*Task instructions*. Output, exactly as written, the lines below from the one that has "Подписано отраслевое соглашение" through the one that has "Indiana Jones and"; nothing else, and no pictures.

*Records supplied*.
::::::::::

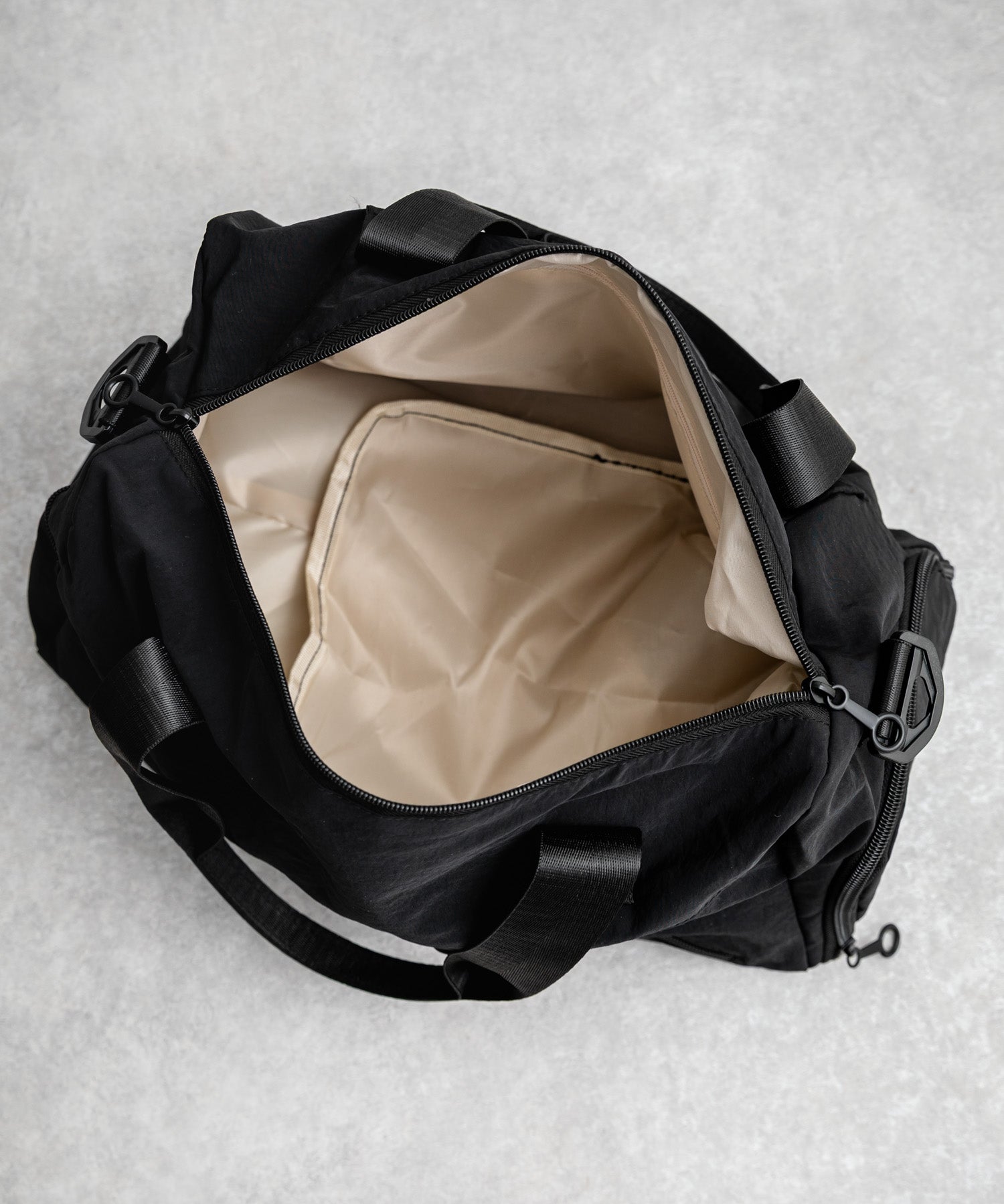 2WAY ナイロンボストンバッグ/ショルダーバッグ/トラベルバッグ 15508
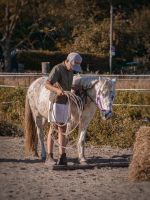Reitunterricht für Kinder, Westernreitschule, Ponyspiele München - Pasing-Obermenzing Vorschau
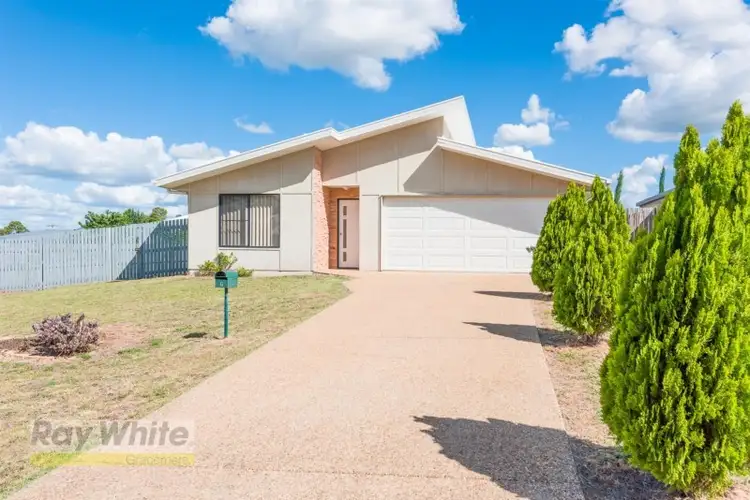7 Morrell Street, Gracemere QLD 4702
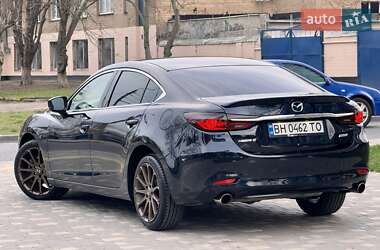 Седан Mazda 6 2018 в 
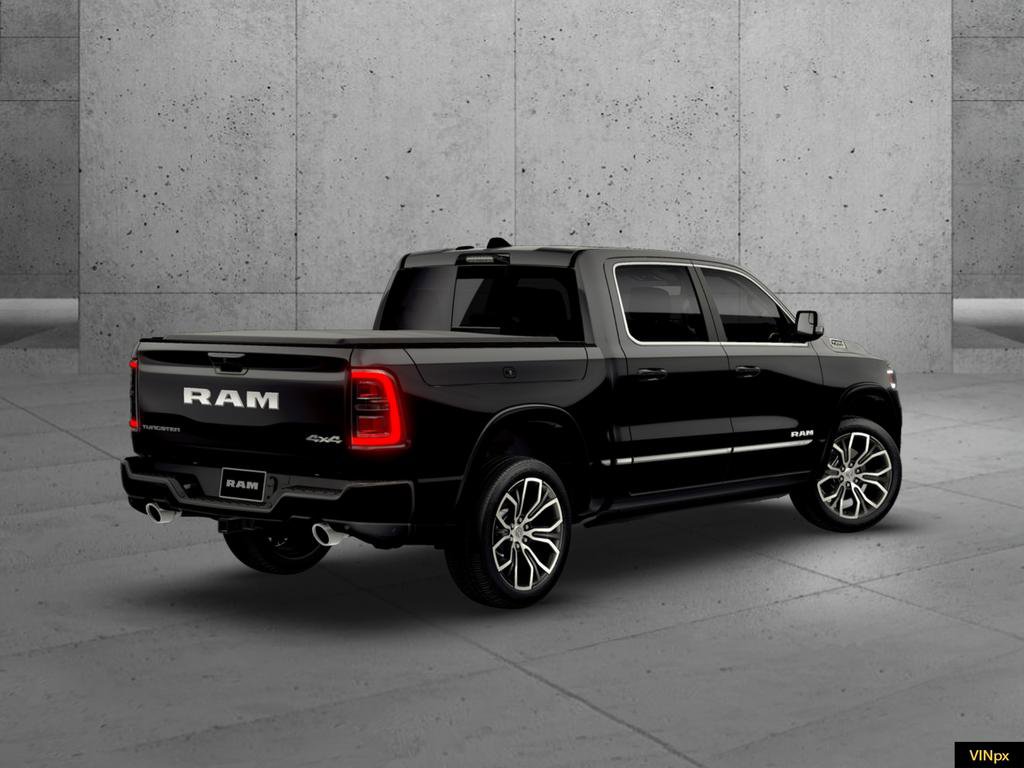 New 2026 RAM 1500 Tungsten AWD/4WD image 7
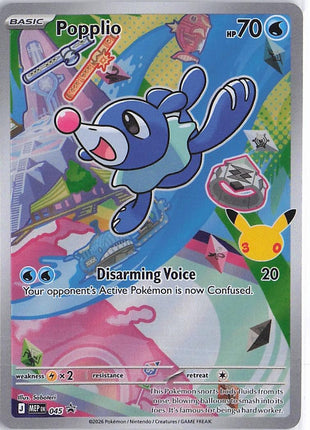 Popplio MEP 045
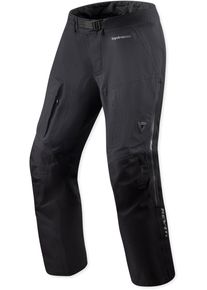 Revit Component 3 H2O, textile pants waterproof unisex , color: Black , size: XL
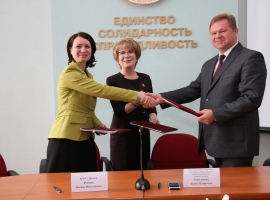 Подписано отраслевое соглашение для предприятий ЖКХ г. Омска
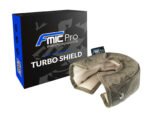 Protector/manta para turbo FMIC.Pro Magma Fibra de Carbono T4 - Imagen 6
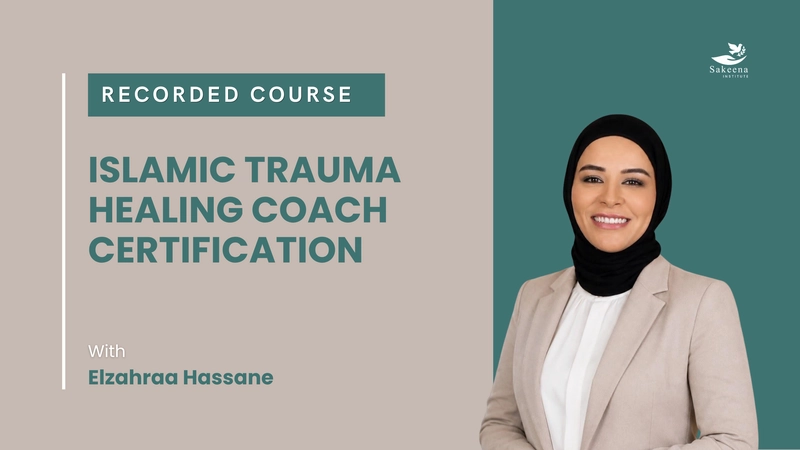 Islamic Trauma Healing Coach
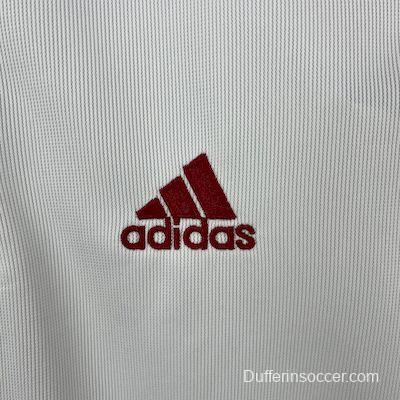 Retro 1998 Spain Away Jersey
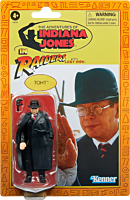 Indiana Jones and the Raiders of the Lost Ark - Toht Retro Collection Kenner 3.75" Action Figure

::::::::::

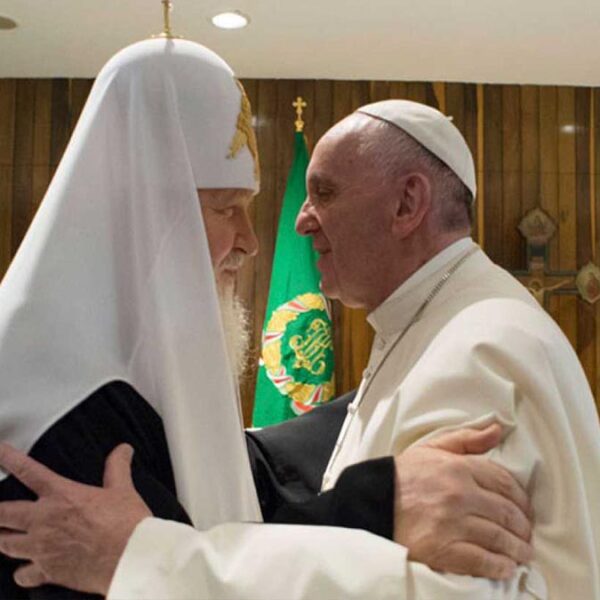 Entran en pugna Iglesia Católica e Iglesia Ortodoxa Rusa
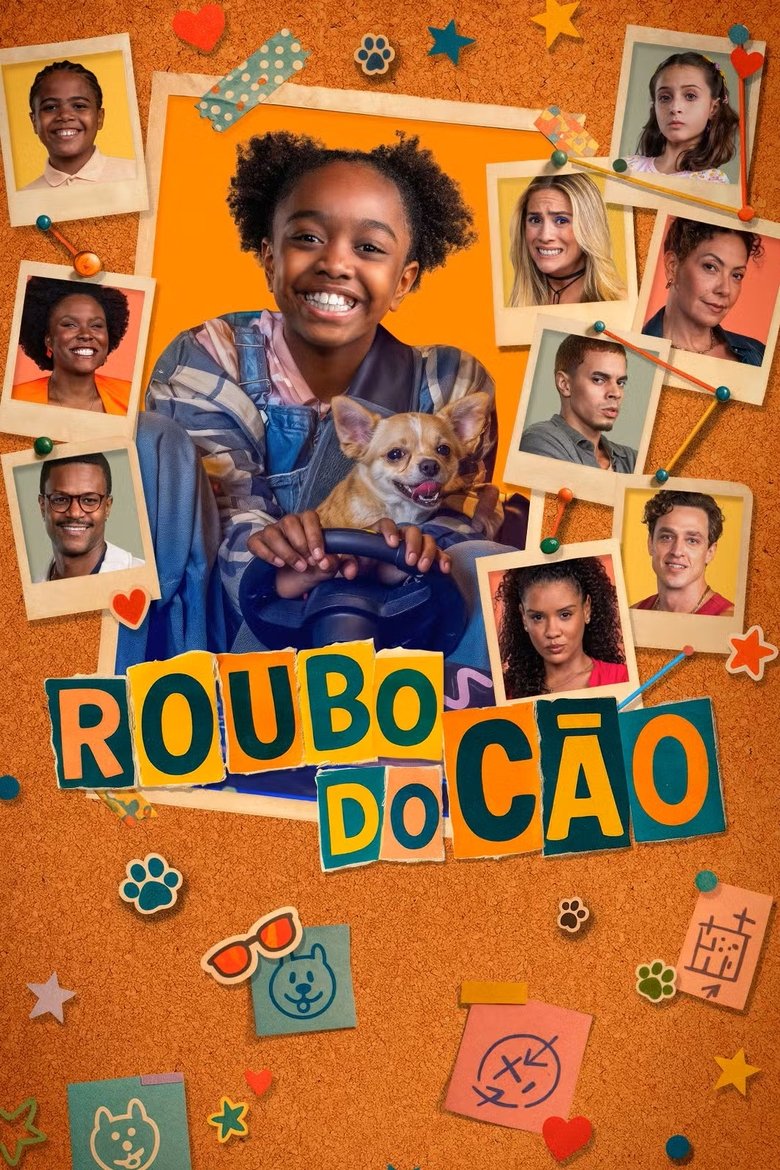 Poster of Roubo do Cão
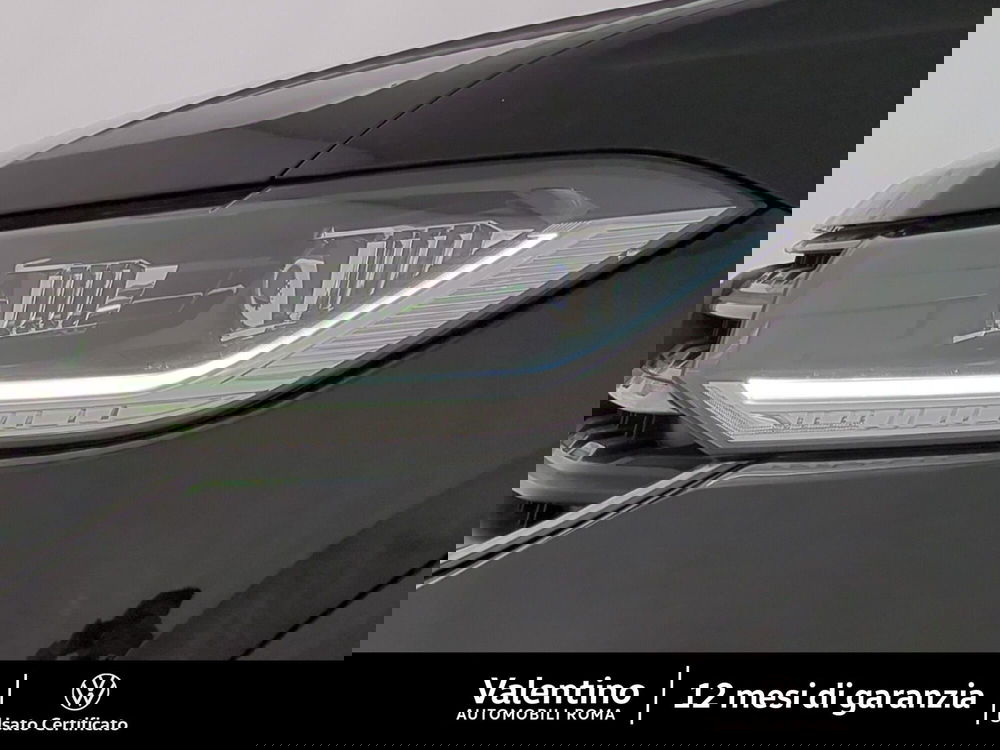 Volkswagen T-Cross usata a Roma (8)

::::::::::

*Answer box*.
 Подписано отраслевое соглашение для предприятий ЖКХ г. Омска
 Protector/manta para turbo FMIC.Pro Magma Fibra de Carbono T4 - Imagen 6
 Islamic Trauma Healing Coach
 Retro 1998 Spain Away Jersey
 Indiana Jones and the Raiders of the Lost Ark - Toht Retro Collection Kenner 3.75" Action Figure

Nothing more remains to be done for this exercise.